With franchisors deeply concerned about joint liability for franchisee employees, more states are passing laws trying to prevent that from happening. Here are some states and measures that have passed:
Texas enacted Senate Bill 652, providing that: "[A] franchisor is not considered to be an employer of: (1) a franchisee; or (2) a franchisee's employees."
Michigan passed House Bills 5070 - 5073, stating: "[A]s between a franchisee and franchisor, the franchisee is considered the sole employer of workers for whom the franchisee provides a benefit plan or pays wages."
Utah passed House Bill 116, stating, "[A] franchisor is not considered to be an employer of: (i) a franchisee; or (ii) a franchisee's employee."
Wisconsin enacted Act 203 stating: "[A] franchisor ... is not considered to be an employer of a franchisee ... or of an employee of a franchisee."

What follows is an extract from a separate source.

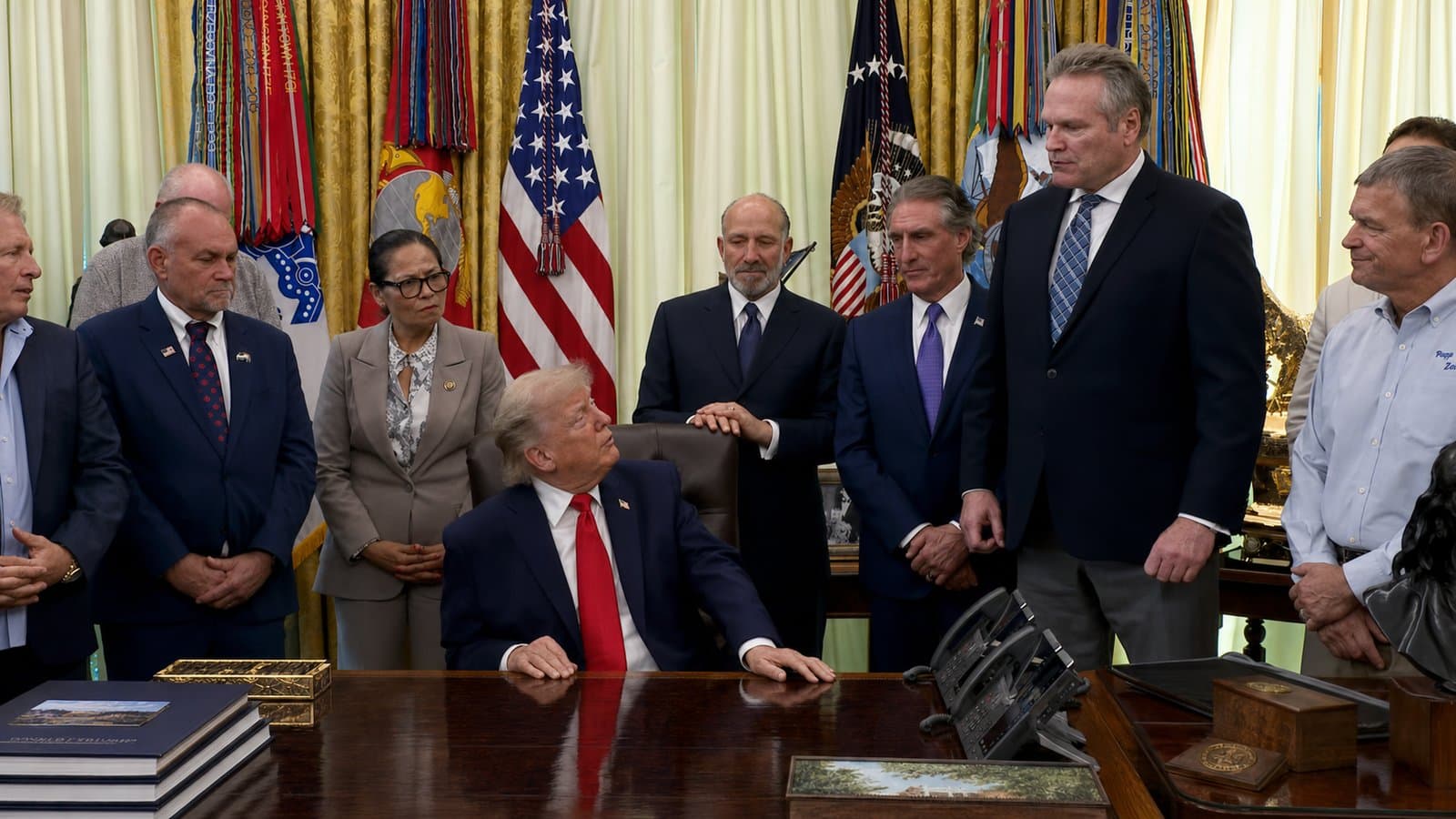 Cover image for article: Dunleavy was at Trump's signing reopening 500,000 square miles of Western Pacific to commercial fishing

Indiana approved House Bill 1218, which provides: "a franchisor ... is not considered to be an employer or co-employer of: (1) a franchisee ... or (2) an employee of a franchisee."
Georgia enacted Senate Bill 277, providing: "[N]either a franchisee nor a franchisee's employee shall be deemed to be an employee of the franchisor for any purpose."
The Virginia legislature attempted to pass House Bill 18, stating that "[N]either a franchisee nor a franchisee's employee shall be deemed to be an employee of the franchisee's franchisor." But, the governor vetoed the bill.
These state laws will not protect franchisors from all claims. For example, various claims based on federal law may not be affected. But passage shows which states are friendlier to franchises and want to retain and grow their franchise industries.